### EXERCISE DIRECTIONS:
Reproduce only this stretch of the listing below: from the line with "people in front of EPFL logo" through the line with "Close-up of high-pressure", exactly as written, with pictures excluded.

### INPUT DATA:
* * *

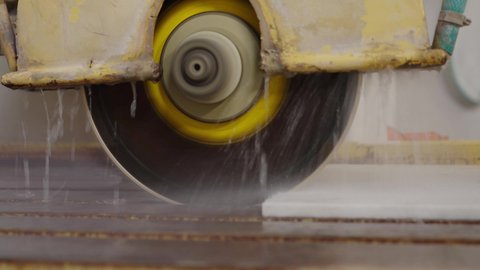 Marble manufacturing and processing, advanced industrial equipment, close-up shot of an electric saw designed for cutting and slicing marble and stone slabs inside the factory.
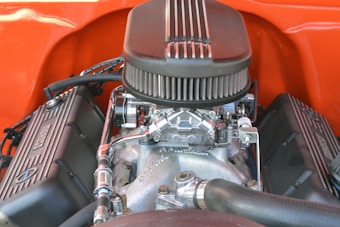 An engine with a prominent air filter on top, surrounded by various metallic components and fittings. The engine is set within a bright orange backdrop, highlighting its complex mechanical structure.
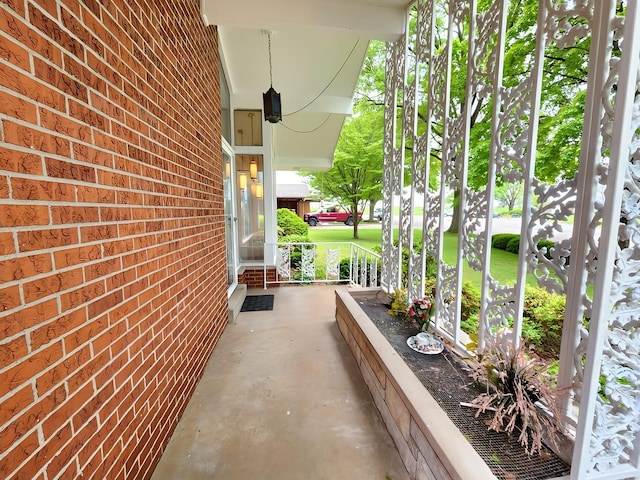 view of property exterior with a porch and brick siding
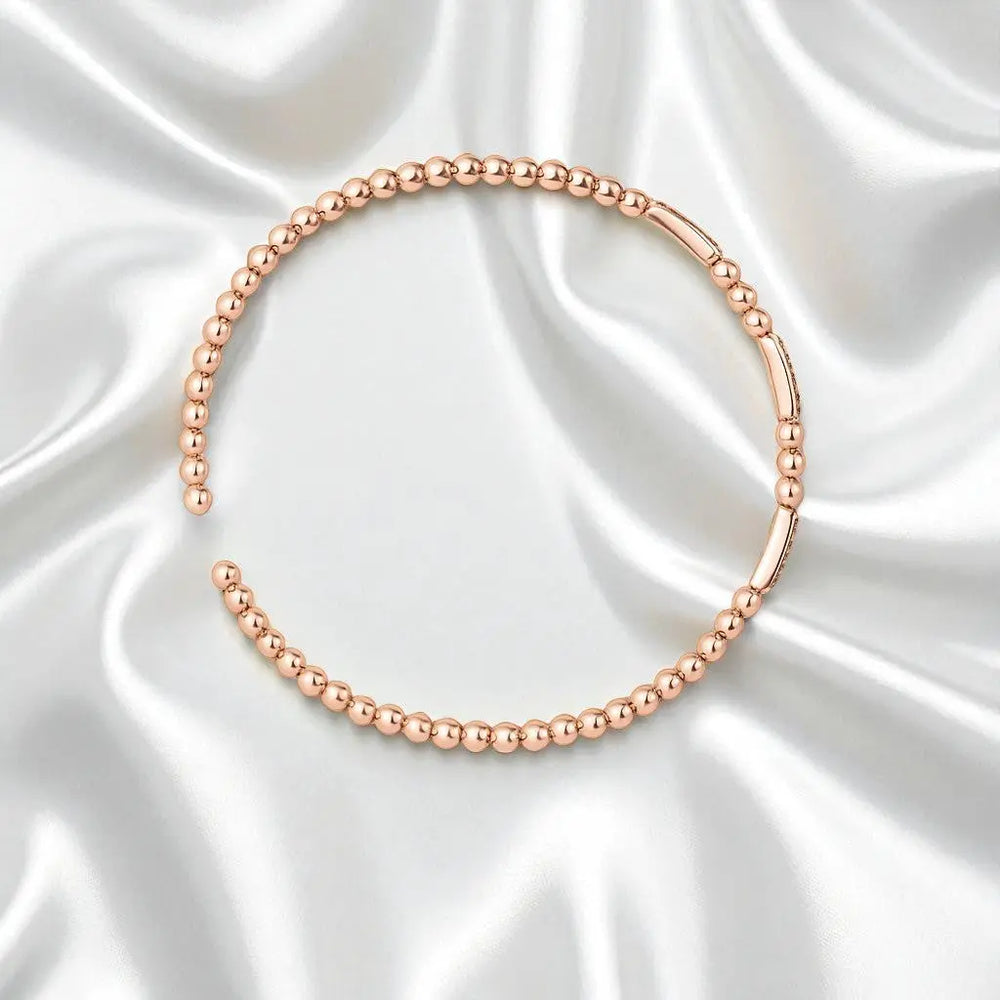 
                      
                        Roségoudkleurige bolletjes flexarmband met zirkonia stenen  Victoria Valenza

* * *

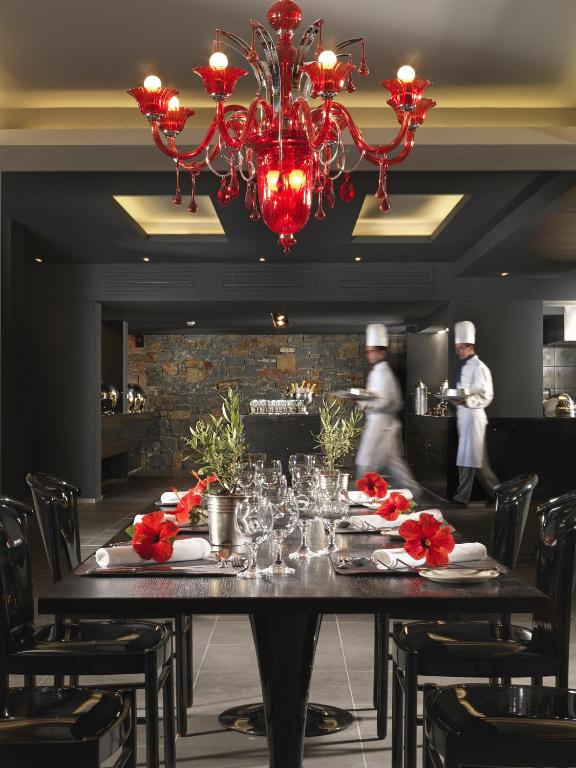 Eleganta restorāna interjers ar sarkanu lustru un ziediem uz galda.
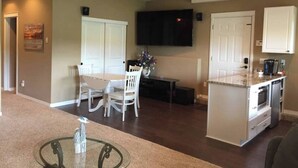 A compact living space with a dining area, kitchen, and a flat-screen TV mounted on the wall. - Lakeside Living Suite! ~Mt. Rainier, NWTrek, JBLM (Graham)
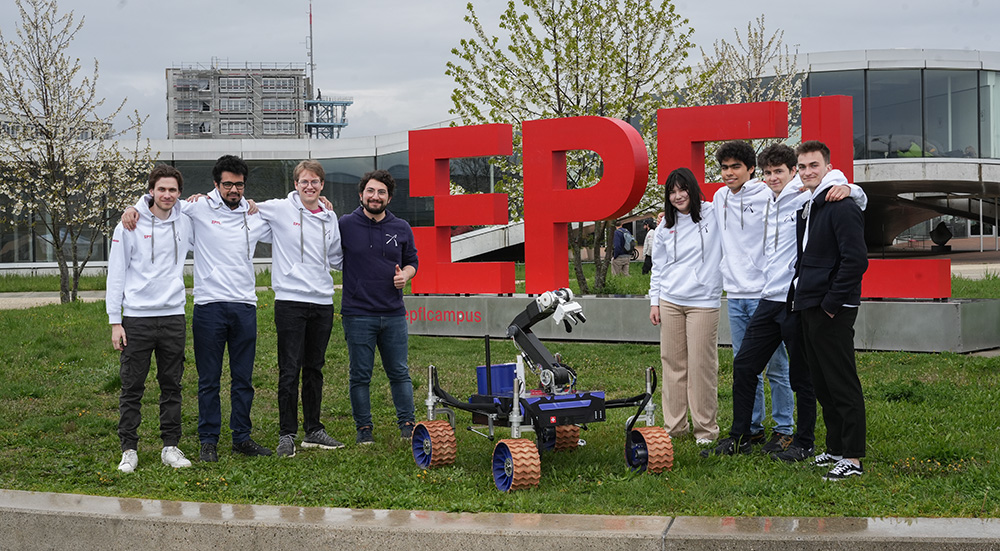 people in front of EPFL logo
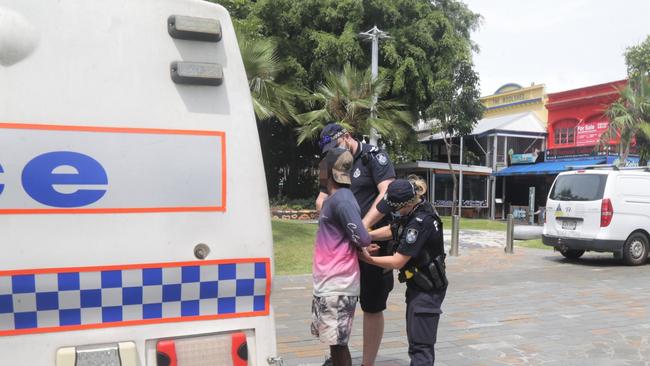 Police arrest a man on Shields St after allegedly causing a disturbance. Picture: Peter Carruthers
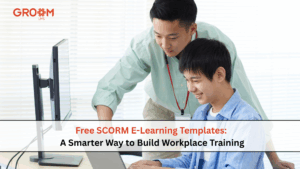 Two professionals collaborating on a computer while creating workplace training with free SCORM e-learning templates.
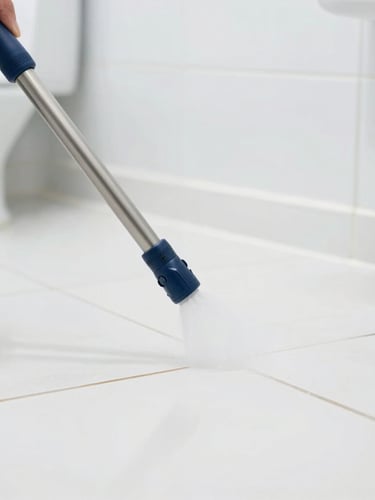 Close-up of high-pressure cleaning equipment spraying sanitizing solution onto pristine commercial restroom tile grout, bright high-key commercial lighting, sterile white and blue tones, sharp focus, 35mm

* * *

### WRITTEN RESPONSE:
 people in front of EPFL logo
 Police arrest a man on Shields St after allegedly causing a disturbance. Picture: Peter Carruthers
 Two professionals collaborating on a computer while creating workplace training with free SCORM e-learning templates.
 Close-up of high-pressure cleaning equipment spraying sanitizing solution onto pristine commercial restroom tile grout, bright high-key commercial lighting, sterile white and blue tones, sharp focus, 35mm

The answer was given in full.